Sin embargo, la gente en los bateyes quedó desamparada. La aniquilación de la actividad cañera sepultó las precarias esperanzas de vida de esta gente. No hay fuentes de empleo, las migajas gubernamentales no llegan a estos lugares recónditos, no hay tierra para trabajar agricultura o conuquismo y los servicios de educación y la salud son precarios, como en el resto del país.

 Curiosamente, cuando se le pregunta a las personas de estos lugares si han sido visitados por la comisión interamericana de derechos humanos para cerciorarse si haitianos o dominicanos son “maltratados”, la respuesta es simple: “Esa gente nunca vienen por aquí”.

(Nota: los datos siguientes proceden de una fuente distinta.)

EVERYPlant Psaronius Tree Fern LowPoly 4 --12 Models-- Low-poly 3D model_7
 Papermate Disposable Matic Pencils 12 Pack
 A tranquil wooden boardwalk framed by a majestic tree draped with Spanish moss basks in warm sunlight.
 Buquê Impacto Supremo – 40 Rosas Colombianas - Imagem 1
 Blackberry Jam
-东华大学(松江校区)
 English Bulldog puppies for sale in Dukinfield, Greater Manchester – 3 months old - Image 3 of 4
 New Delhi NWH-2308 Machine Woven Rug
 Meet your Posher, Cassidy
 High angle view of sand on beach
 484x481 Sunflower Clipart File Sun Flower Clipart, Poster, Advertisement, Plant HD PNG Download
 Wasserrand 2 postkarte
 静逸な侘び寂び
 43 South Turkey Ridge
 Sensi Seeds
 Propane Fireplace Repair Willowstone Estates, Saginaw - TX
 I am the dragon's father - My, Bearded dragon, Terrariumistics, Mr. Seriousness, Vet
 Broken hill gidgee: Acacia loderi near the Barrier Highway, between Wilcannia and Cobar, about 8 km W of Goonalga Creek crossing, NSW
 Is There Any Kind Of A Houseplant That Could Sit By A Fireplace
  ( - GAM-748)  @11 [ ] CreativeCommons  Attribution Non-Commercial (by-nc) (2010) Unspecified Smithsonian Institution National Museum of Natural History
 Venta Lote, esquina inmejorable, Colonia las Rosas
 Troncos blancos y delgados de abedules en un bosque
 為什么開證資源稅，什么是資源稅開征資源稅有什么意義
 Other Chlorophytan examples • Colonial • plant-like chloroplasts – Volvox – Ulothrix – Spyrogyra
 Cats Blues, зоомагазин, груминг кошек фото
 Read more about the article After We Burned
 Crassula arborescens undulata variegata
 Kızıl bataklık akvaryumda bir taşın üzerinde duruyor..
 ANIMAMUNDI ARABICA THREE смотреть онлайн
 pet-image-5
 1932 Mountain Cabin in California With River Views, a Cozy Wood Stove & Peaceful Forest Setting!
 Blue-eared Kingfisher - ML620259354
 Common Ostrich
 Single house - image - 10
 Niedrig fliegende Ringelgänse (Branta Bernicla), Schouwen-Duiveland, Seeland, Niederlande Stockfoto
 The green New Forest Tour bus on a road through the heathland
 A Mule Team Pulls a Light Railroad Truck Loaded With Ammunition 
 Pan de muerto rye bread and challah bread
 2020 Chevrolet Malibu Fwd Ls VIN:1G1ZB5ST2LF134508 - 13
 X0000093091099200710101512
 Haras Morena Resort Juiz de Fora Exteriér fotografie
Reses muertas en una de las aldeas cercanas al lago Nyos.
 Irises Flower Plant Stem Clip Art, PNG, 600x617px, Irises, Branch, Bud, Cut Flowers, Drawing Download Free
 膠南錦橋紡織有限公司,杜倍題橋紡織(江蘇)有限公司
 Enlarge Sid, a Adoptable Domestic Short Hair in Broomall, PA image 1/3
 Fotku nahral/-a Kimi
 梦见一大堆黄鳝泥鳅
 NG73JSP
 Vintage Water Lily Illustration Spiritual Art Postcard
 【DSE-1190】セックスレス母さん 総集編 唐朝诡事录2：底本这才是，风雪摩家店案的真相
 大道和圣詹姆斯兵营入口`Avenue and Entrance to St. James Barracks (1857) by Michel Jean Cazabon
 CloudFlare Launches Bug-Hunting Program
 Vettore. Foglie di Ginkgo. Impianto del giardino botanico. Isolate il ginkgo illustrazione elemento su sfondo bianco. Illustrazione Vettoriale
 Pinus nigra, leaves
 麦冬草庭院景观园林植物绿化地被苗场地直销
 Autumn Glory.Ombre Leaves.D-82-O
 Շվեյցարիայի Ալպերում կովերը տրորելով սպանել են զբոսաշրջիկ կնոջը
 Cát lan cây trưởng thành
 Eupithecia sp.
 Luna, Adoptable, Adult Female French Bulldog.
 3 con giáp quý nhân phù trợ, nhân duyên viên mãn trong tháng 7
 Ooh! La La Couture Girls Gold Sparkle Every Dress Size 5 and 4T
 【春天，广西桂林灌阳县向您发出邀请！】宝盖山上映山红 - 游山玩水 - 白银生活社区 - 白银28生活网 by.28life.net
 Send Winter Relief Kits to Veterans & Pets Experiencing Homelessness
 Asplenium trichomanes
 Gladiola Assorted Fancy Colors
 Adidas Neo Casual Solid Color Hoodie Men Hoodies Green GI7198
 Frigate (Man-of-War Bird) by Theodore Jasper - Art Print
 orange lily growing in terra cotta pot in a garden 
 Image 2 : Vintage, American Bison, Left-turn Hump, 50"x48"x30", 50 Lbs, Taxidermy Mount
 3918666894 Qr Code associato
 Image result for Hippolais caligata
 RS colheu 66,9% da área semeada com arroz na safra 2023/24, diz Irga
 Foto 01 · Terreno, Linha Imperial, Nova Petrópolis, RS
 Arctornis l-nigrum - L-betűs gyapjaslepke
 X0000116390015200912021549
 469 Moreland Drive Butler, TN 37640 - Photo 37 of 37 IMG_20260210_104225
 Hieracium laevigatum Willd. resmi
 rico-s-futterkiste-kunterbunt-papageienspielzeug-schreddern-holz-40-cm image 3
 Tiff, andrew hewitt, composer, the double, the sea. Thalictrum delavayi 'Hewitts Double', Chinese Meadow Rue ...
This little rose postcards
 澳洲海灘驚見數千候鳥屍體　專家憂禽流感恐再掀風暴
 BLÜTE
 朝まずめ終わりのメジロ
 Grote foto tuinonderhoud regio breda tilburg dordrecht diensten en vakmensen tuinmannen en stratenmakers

Tampoco han recibido la visita o ayuda del Centro  por la Justicia y los Derechos Internacional (CEJIL) ni de otras Organizaciones No Gubernamentales que han denunciado que la República Dominicana mantiene una política de Estado para rescindir la nacionalidad a los dominicanos de ascendencia haitiana.

Gervasio Rafael, de 77 años, entiende que “nos cogieron de pendejos.  Por eso no nos han dado la pensión y por eso vivimos tan mal. En estos bateyes todo el mundo es igual, haitianos y dominicanos. Siempre fue así. A todos nos está llevando el pájaro malo, porque aquí no hay nada que hacer”.